Times Leader

A new painting, new insight for Old King Coal

Local artist Sue Hand joins former King’s College President The Rev. Thomas O’Hara near her painting of the Dorrance breaker Thursday night. The painting was purchased and donated to King’s and unveiled Thursday during an Anthracite Heritage Month event. Mark Guydish | Times Leader

WILKES-BARRE — The painting depicts a coal breaker that stood a short distance from the artwork’s new home, the children and adults almost floating hauntingly in the foreground, some based on photos of real people who worked at the Dorrance Colliery.

The new acquisition done by Sue Hand and purchased and donated to King’s College marked the opening of a night celebrating Anthracite Heritage month Thursday, but more compelling imagery awaited.

Penn State University Scranton Professor Emeritus Philip Mosley projected photos and illustration during a wide-ranging lecture on how the Anthracite Industry infused the region — and continues to do so — ever since most of the booming mines closed and the remnant breaker behemoths disappeared.

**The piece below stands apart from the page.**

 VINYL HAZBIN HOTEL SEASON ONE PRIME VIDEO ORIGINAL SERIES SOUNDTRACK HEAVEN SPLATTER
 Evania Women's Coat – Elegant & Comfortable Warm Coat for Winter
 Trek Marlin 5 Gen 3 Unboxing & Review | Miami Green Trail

There were pictures of children smudged in the black stuff from a day at the mines, of a statue depicting a hooded member of the Molly Maguires about to be hanged, of “dark tourists” spray painting an abandoned road in Centralia, the town that withered amid fumes from an underground coal fire gone amok.

“In the ’60s and ’70s there was something of a collective amnesia about anthracite history,” Mosley said as he discussed his new book “Telling of the Anthracite: A Pennsylvania Posthistory.”

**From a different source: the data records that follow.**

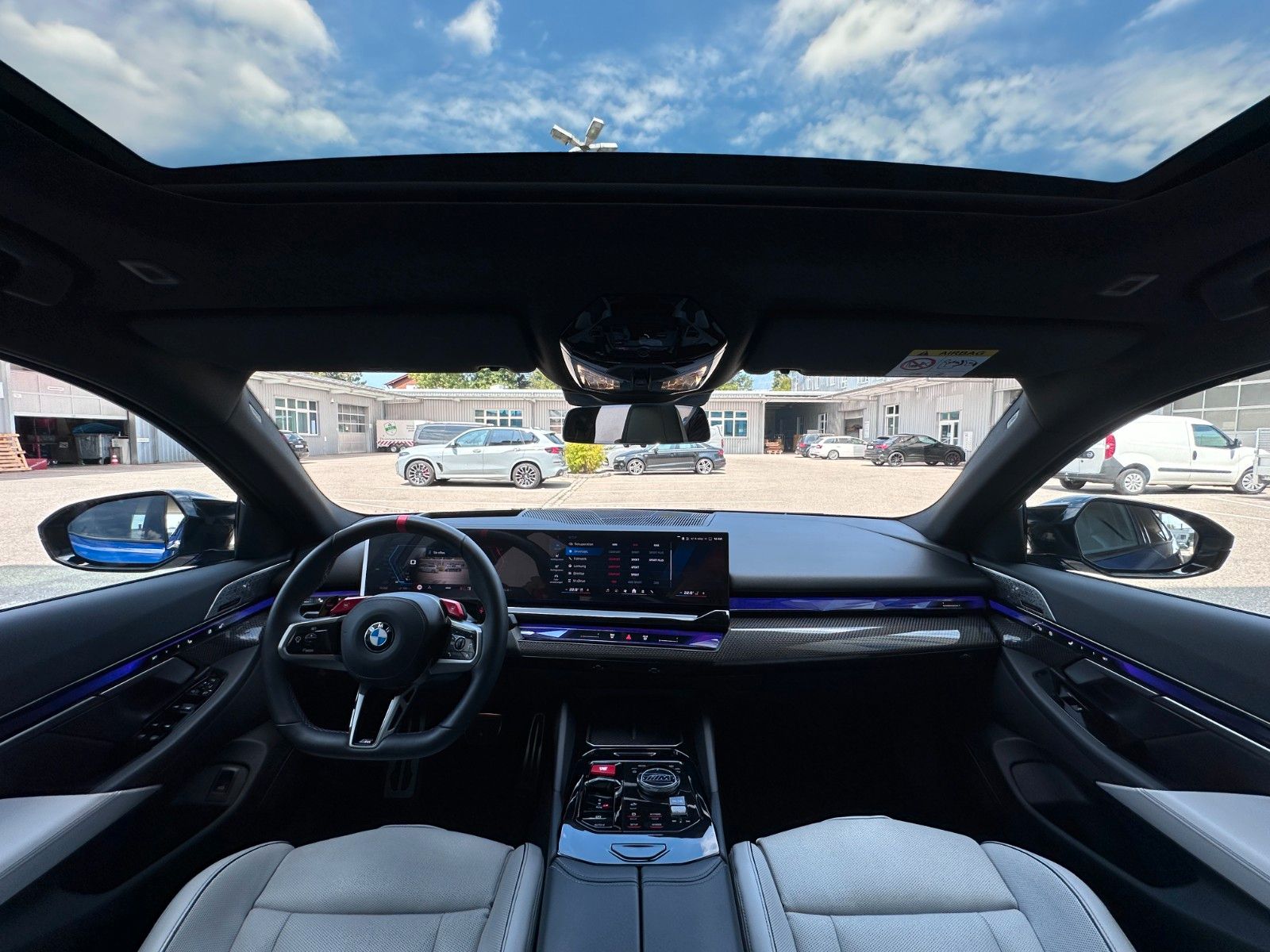 Fahrzeugabbildung BMW M5 Limousine | Mwst Ausw | BMW Garant|UNFALLFREI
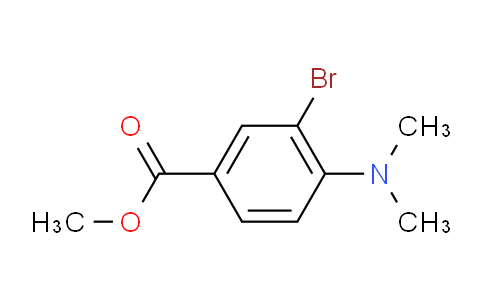 CAS No. 71695-21-1, Methyl 3-bromo-4-(dimethylamino)benzoate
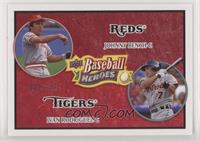 Johnny Bench, Ivan Rodriguez #/249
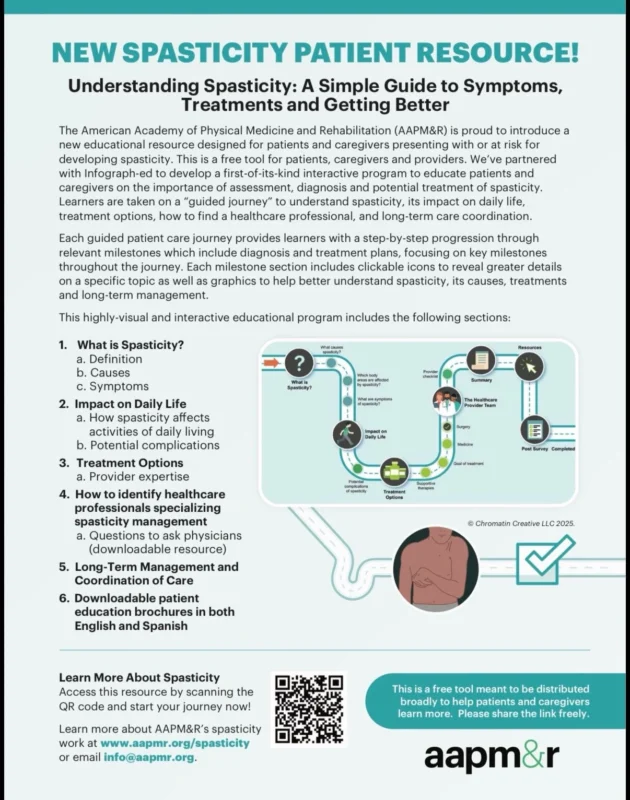 Monica Verduzco-Gutierrez: A New Spasticity Education and Patient Journey Resource for Stroke Awareness Month Is Now Live
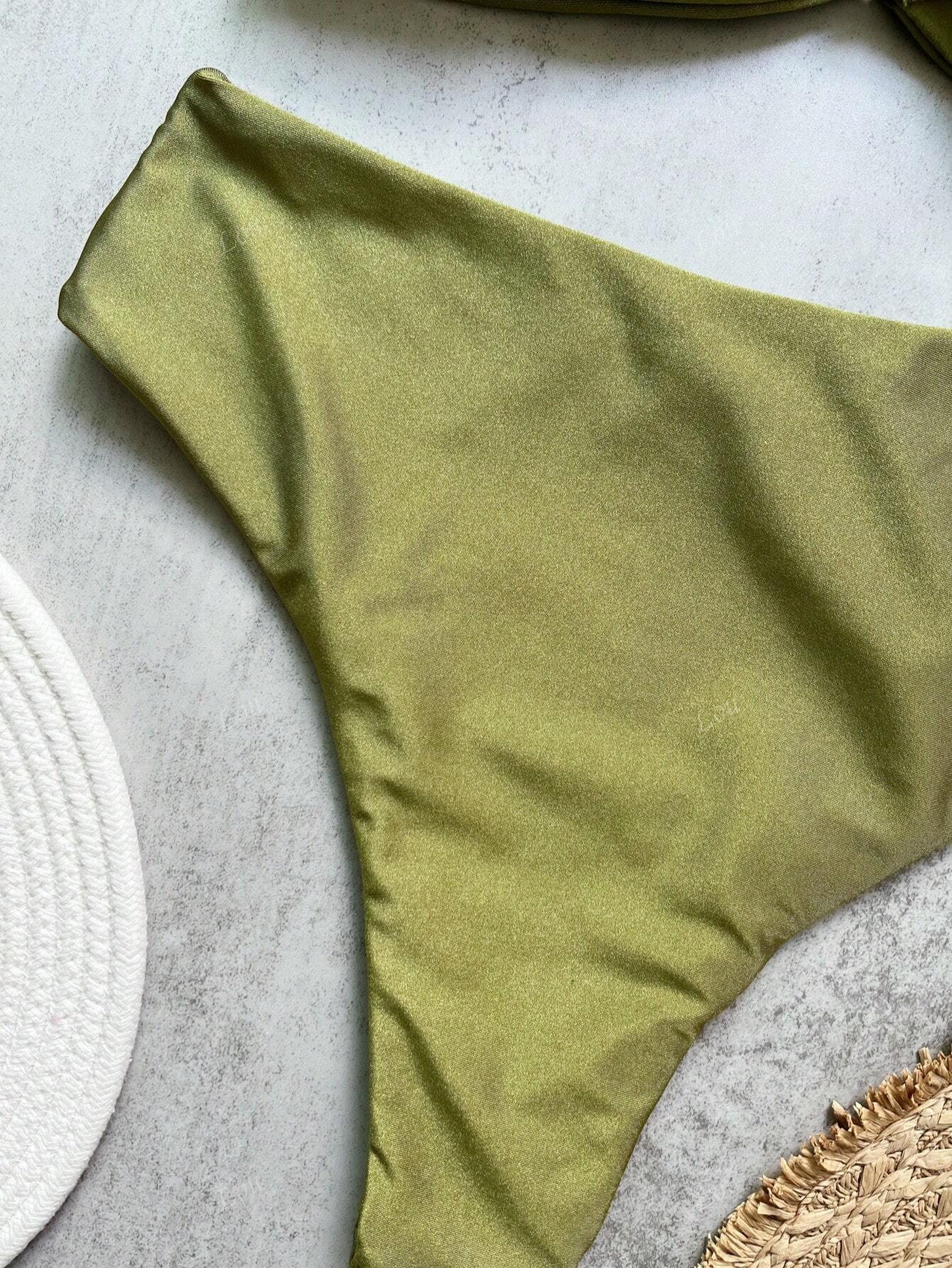 ZIELONY dół od bikini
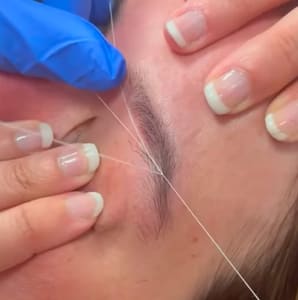Eyebrow Tattoo result by Salon Thread in Providence, RI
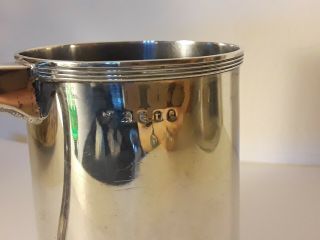 Antique British Sterling Silver 1794 Tankard Mug George Smith Thomas Hayter 186g 8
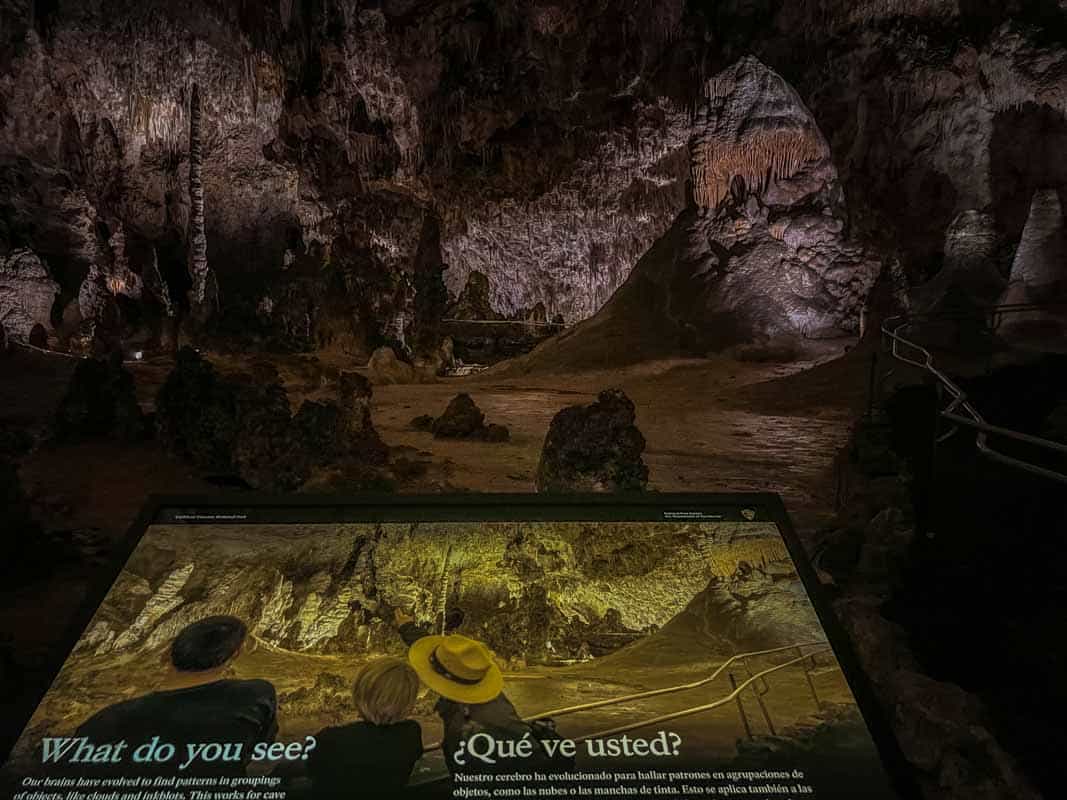 Drypstenshulerne i Carlsbad Caverns – New Mexico, USA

Hard coal brought the region to a crest as it fed the nation’s industrial revolution, then to its knees after the 1959 Knox mine disaster and Centralia exposed the high hazards of an already ailing business engine.

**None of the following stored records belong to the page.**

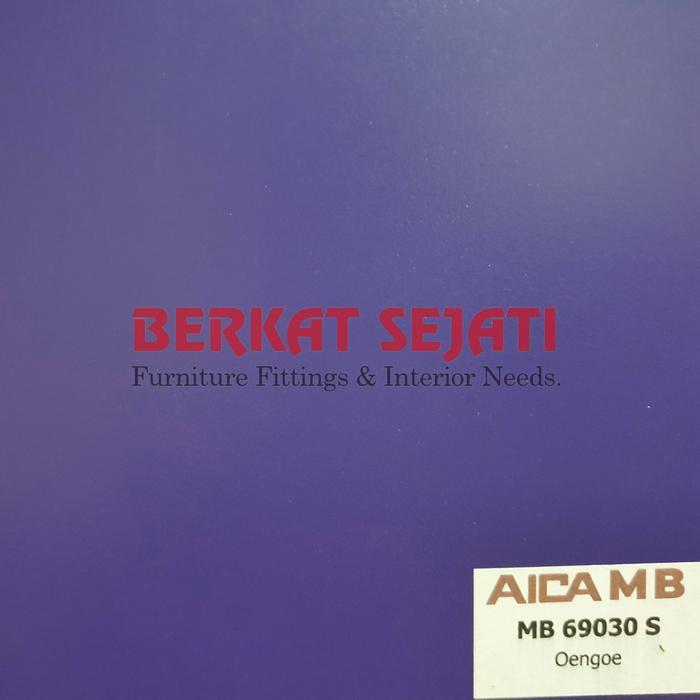 AICA HPL AICA MB 69030 S - OENGOE UNGU - SOLID .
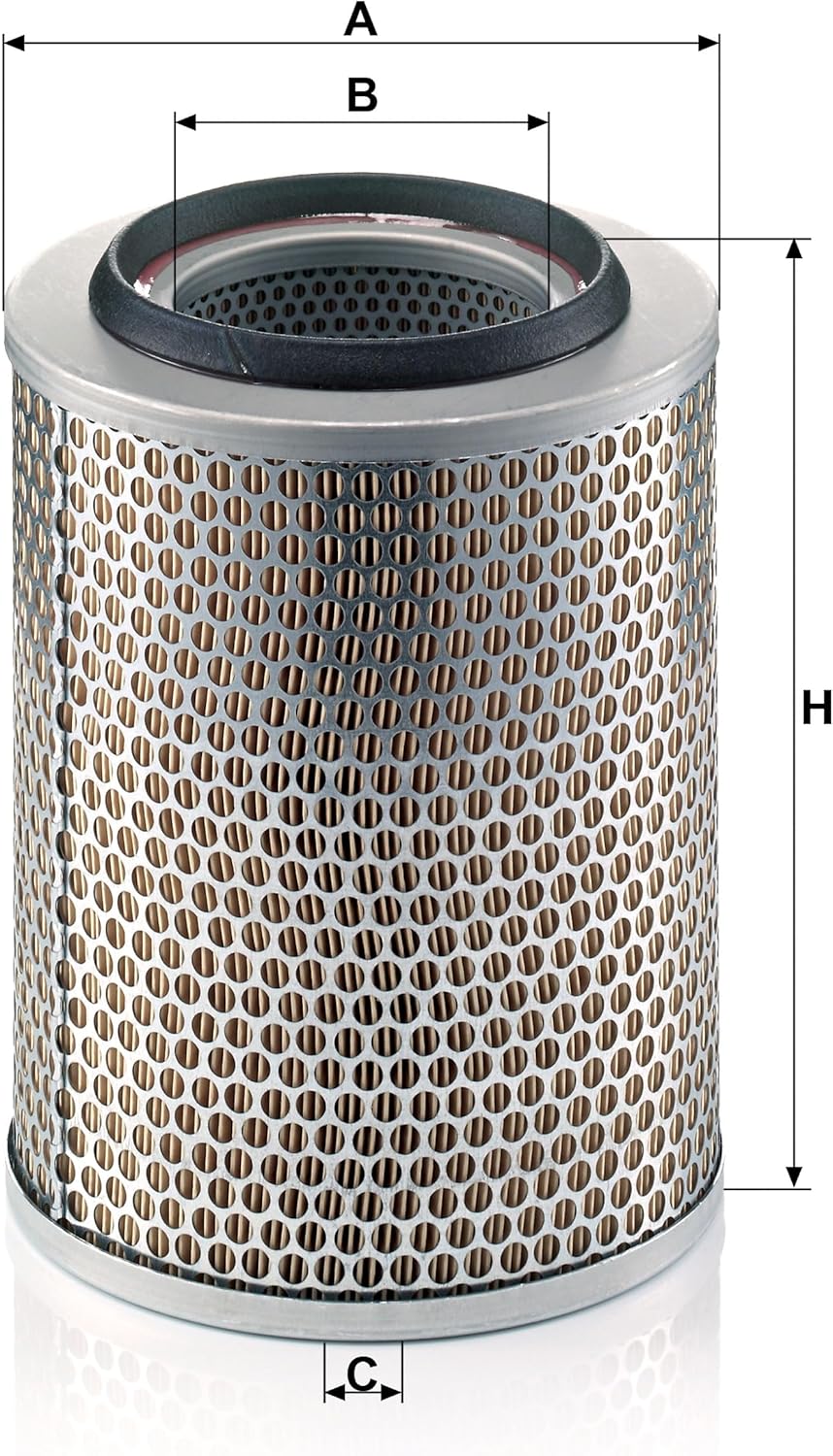 MANN-FILTER C 20 356 Luftfilter – Für Nutzfahrzeuge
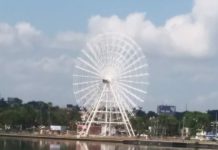 Alcalde espera que para diciembre este operando la Mega Rueda de la Fortuna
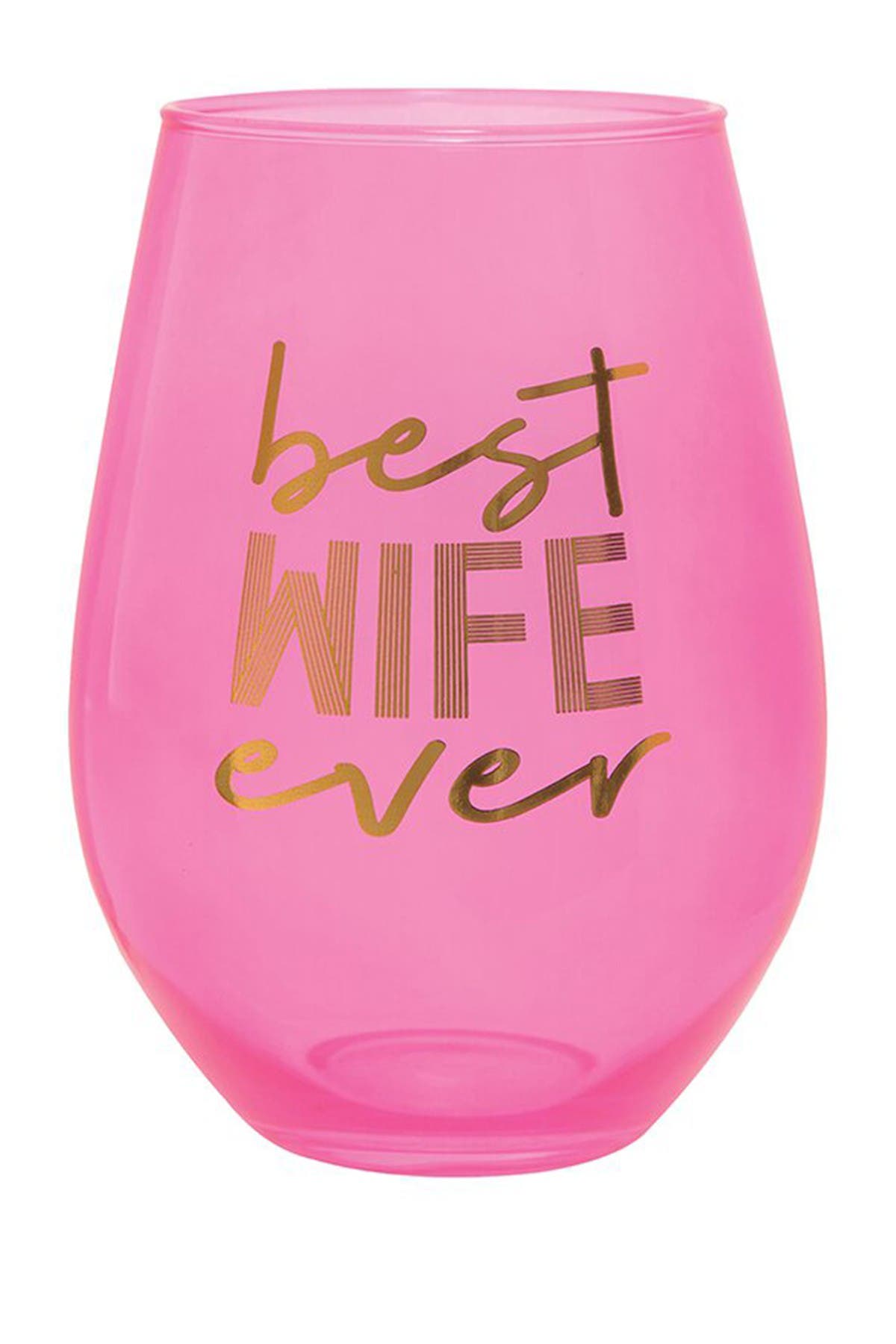 wife wine glass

“It was those two terrible events that really put the nail in the coffin,” he added.

Mosley served as speaker for the Annual Msgr. John J. Curran Lecture at King’s, named after a Catholic priest who proved instrumental in fighting for miner labor rights and resolving strikes, most famously one in 1902 that pitted charismatic union leader John Mitchell against increasingly impatient President Theodore Roosevelt. Stationed in Wilkes-Barre, Curran earned the trust of both.

Before the lecture, current King’s President The Rev. Thomas Looney spoke briefly about the school’s origins as a place to educate the children of coal miners, and of the relatively new Miner’s Memorial just outside the building where the events were held. It includes the etched names of many local miners that, he said “call out to us today, to make the world a better place.”

Local artist Sue Hand then joined in unveiling the painting, bought for King’s by the Anthracite Heritage Foundation. She noted it is one of about 130 breakers she has recreated from photos and old drawings, always working to paint faces of people who actually lived when the places were working. This one, she pointed out, prominently included a man who had worked the Dorrance operation.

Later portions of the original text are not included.